An assessment of observed vertical flux divergence in long-term eddy-covariance measurements over two Midwestern forest ecosystems

Vertical divergence of CO 2 fluxes is observed over two Midwestern AmeriFlux forest sites. The differences in ensemble averaged hourly CO 2 fluxes measured at two heights above canopy are relatively small (0.2–0.5 μmol m −2 s −1), but they are the major contributors to differences (76–256 g C m −2 or 41.8–50.6%) in estimated annual net ecosystem exchange (NEE) in 2001. A friction velocity criterion is used in these estimates but mean flow advection is not accounted for. This study examines the effects of coordinate rotation, averaging time period, sampling frequency and co-spectral correction on CO 2 fluxes measured at a single height, and on vertical flux differences measured between two heights.

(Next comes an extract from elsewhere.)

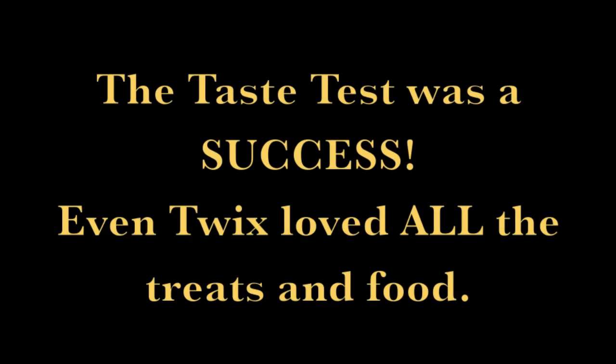The taste test was a success — even Twix loved all the treats and food.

Both the offset in measured vertical velocity and the downflow/upflow caused by supporting tower structures in upwind directions lead to systematic over- or under-estimates of fluxes measured at a single height. An offset of 1 cm s −1 and an upflow/downflow of 1° lead to 1% and 5.6% differences in momentum fluxes and nighttime sensible heat and CO 2 fluxes, respectively, but only 0.5% and 2.8% differences in daytime sensible heat and CO 2 fluxes. The sign and magnitude of both offset and upflow/downflow angle vary between sonic anemometers at two measurement heights. This introduces a systematic and large bias in vertical flux differences if these effects are not corrected in the coordinate rotation. A 1 h averaging time period is shown to be appropriate for the two sites. In the daytime, the absolute magnitudes of co-spectra decrease with height in the natural frequencies of 0.02–0.1 Hz but increase in the lower frequencies (